Brendan Barber, General Secretary of the Trades Union Congress (TUC) has delivered his New Year’s message to union members calling for the pensions’ crisis to be addressed through compulsory saving with employers and employees and a guaranteed state retirement provision.
In his message, Barber called for pensions’ action, reminding members that it is an issue of relevance to every group within the workforce.
“Those who thought they had secured occupational pensions have been hit by stock market turmoil and the cumulative effect of long contributions holidays when investments were performing well. Some have even lost all their savings as their employers went bust. We welcome government moves to compensate those who have lost out, but we need to be vigilant in 2005 to make sure sufficient funds are made available.
“Many now work for companies who have abandoned good salary related schemes for new employees in favour of money purchase schemes with drastically reduced employer contributions.”
Of occupational pension schemes, Barber said they were only good for the few people that work for larger businesses that provide them.
“Smaller newer companies are much less likely to do so. Even the big companies have contracted out many jobs; so that people doing jobs that would have had a pension attached a generation ago don’t now get one.”
The problem doesn’t just stop with the public sector he added:
“Public sector workers, many of them low paid, now face big cuts in their pension. This is the same as cutting pay and conditions for a group who have often been paid less than equivalent workers elsewhere because of their pension arrangements. The public sector will not attract or keep good staff if pensions are cut. Public servants are understandably angry.”
Barber poured scorn on the means testing system which he said caused workers confusion:
“With so much means testing now built into the pensions system, it is very hard for many people to work out whether it is worth their while saving.”
Savings compulsion is the way forward, urged Barber, together with a guaranteed state pension, reformed to make it fairer for women and set high enough so that ‘everyone can confidently save knowing it will boost their pension, not be eaten up by means testing.’
On other issues, Barber applauded the government’s progress on childcare reforms but said that the childcare workforce needs to be better trained.
On skills he called for a boost to basic standards pointing to statistics which show that one in four of the workforce have problems with either reading or numeracy.
“We need a successful and productive economy to deliver the living standards and public services we expect.
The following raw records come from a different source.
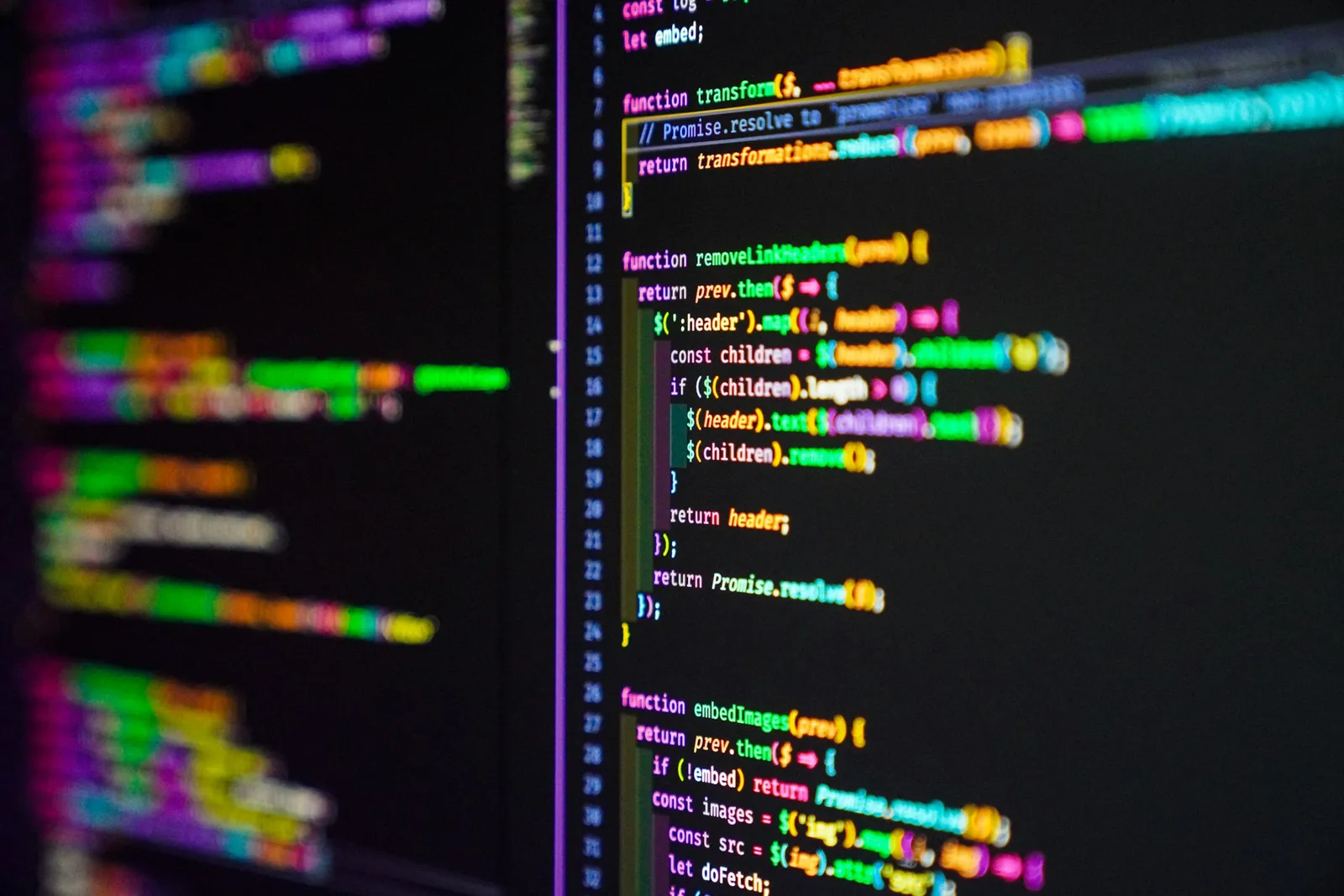 Laptop screen showing React and Next.js application source code - illustration for an article about the critical CVE-2025-55182 security vulnerability in React Server Components
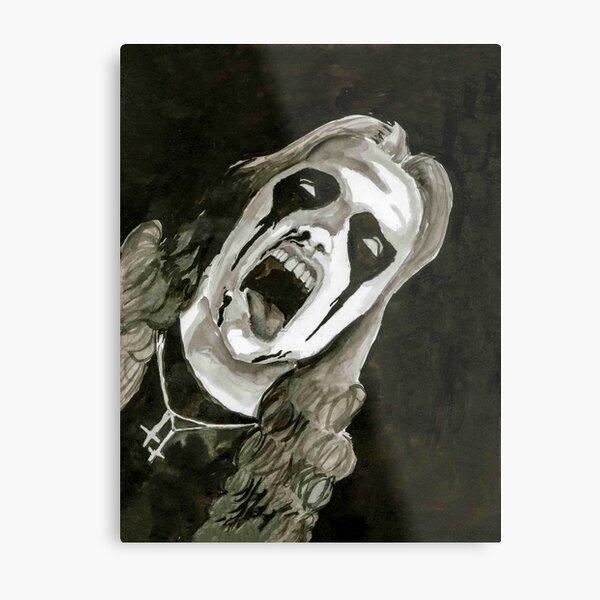 Mayhem Dead Portrait. Metal Print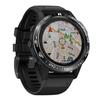 DKEnjoy Stainless Steel Bezel Ring Adhesive Cover Anti Scratch Dial Protector Compatible for Garmin Fenix 6/Fenix 6 Pro/Fenix 6 Sapphire Smartwatch (A-Black) view 2
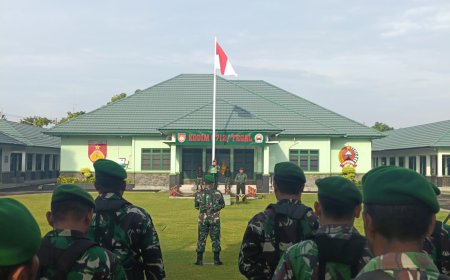 Kodim 0712 Tegal Gelar Upacara Mingguan Awal Januari 2024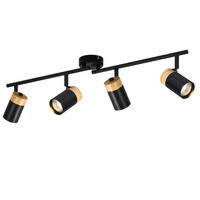 DECKENLEUCHTE Doris 4-flammig 62/9/19 cm - Schwarz, Metall (62/9/19cm) - Nettlife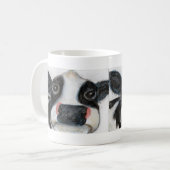 美しい牛マグは誕生日のクリスマスを個人化します コーヒーマグカップ (正面左)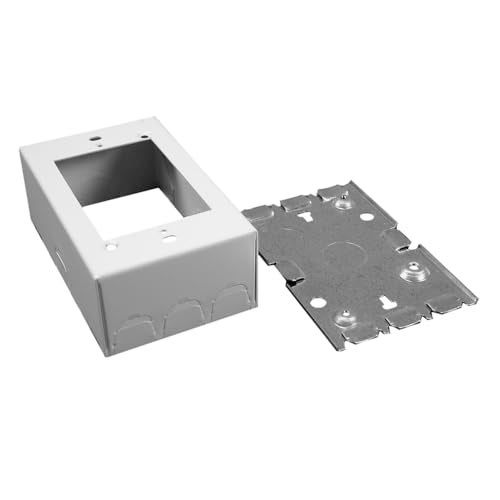 WIREMOLD Legrand - Wiremold Starter Box, Extra Deep Wiremold Outlet Box, White On-Wall Conduit Connector for Wiremold Box and Wiremold Raceway, BW35 - Image 1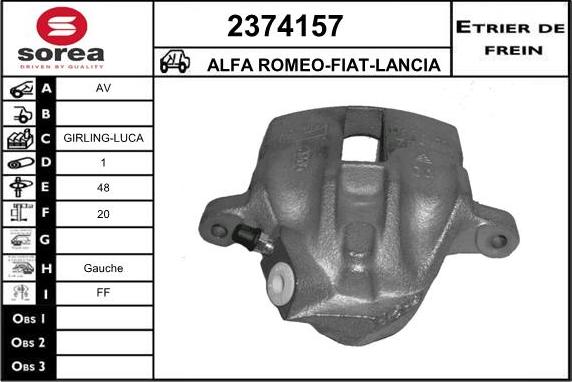 EAI 2374157 - Étrier de frein cwaw.fr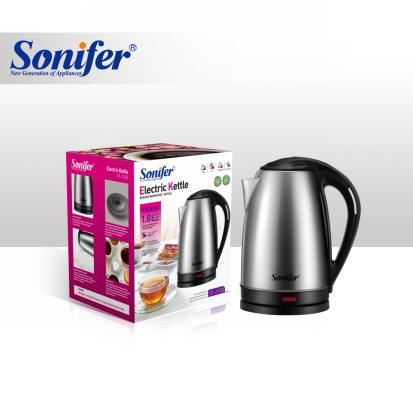 Sonifer Electric Kettle – 1.8L – Stainless Steel – Model SF-2100
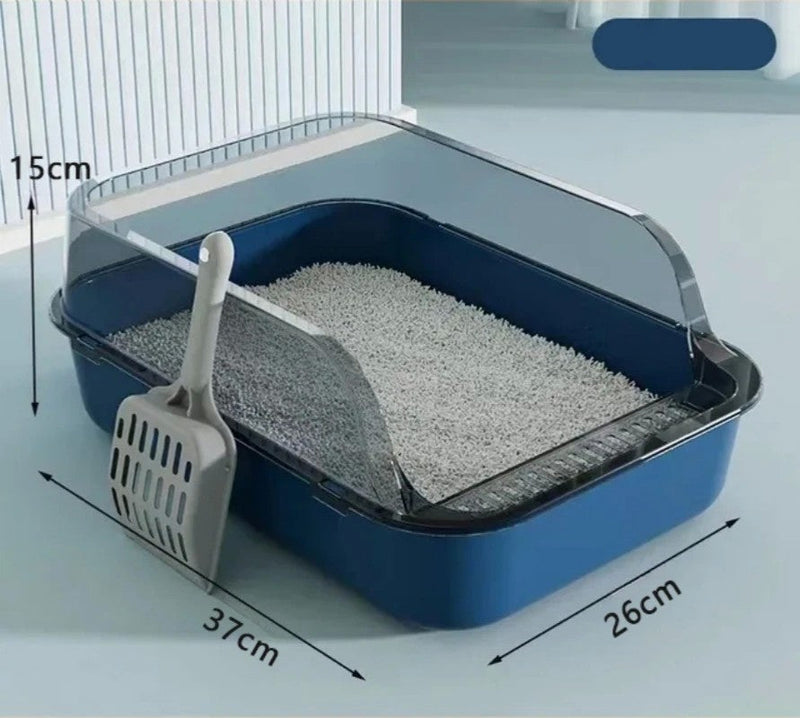 Caixa de Areia para Gatos Semi-Fechada – Patinha Feliz®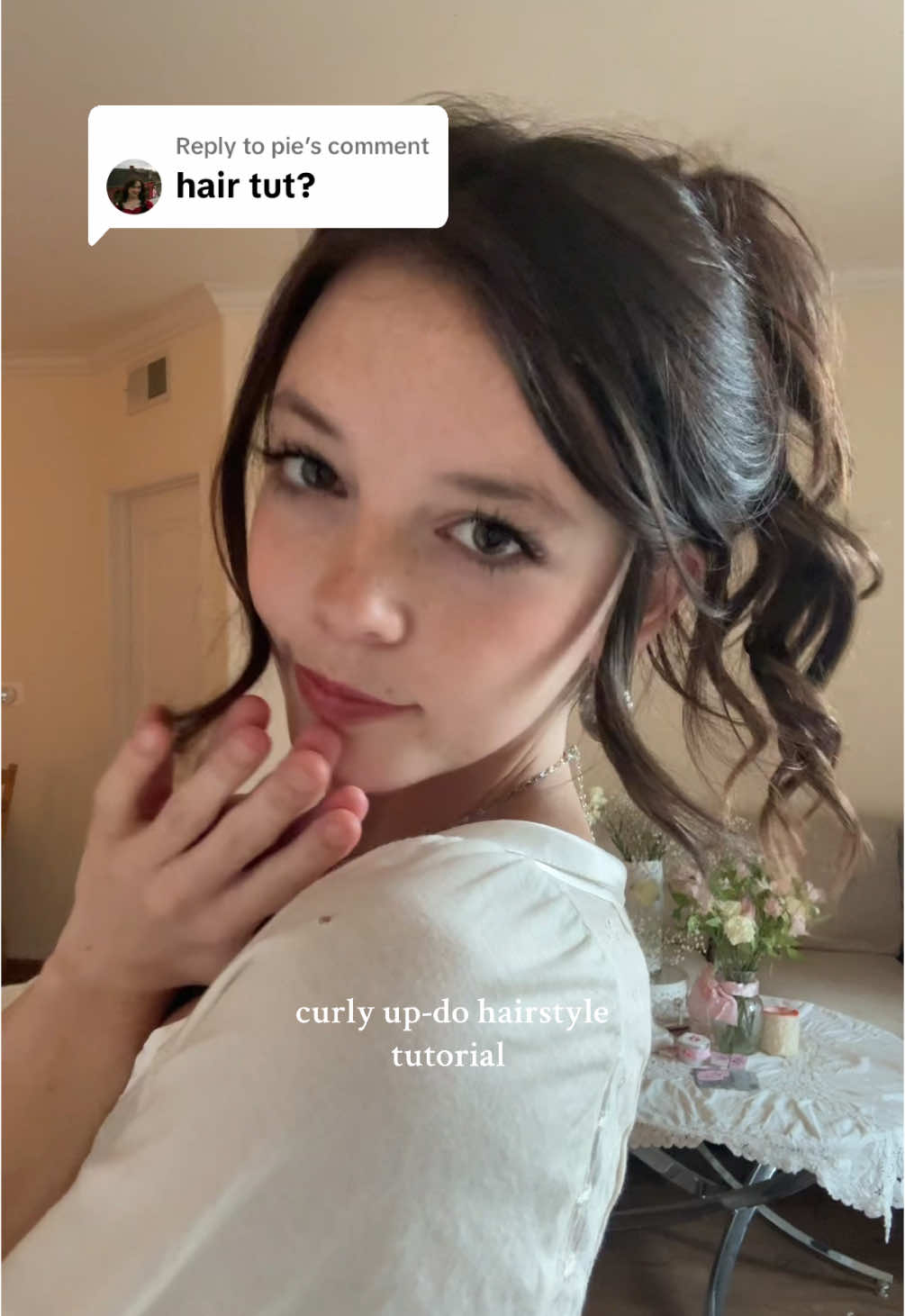 Replying to @pie hair tutorial<33 #hairtutorial #hairstyles 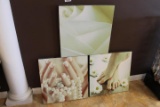 Lot of 3 Wrapped Canvas Photos 24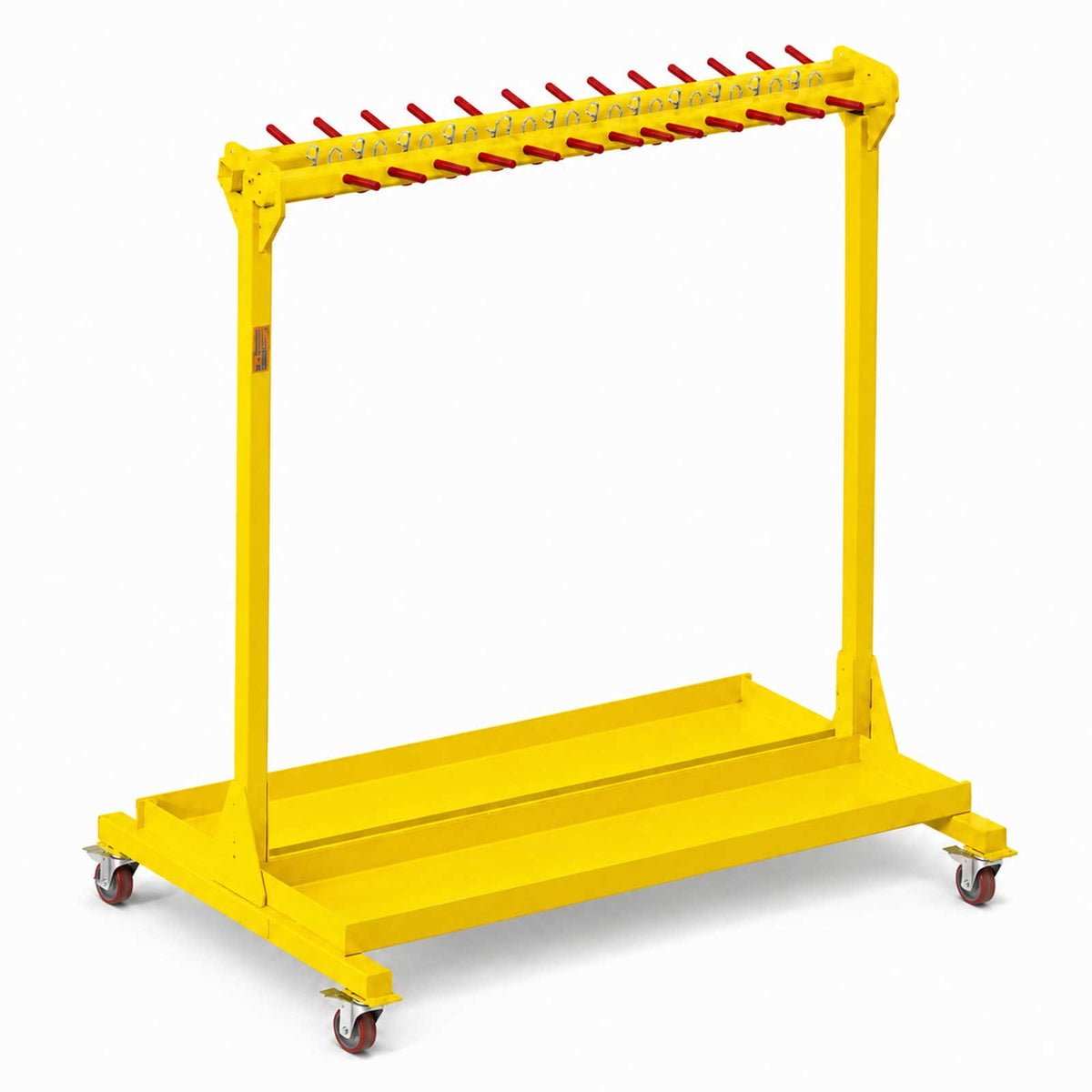 M&W Rigging Rack with Pins and Casters - 800 lbs. Capacity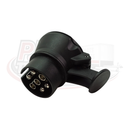 13 Pin Socket to 7 Pin Plug Adaptor - Premium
We will not be able to do this without a big extension of skills and training. Union members are more likely to be trained than non-members. It’s time to spread the learning culture we have built in union Britain to non-union Britain.”
The New Year’s message was rounded off with a call to government to continue investing in public services to make up for what Barber referred to as a ‘chronic’ lack of investment in public services.
“There is clear improvement in health, education and many other services that users can see. But the investment must continue, and any government must nurture and extend the public service ethos that motivates both front line and support staff in the public sector.”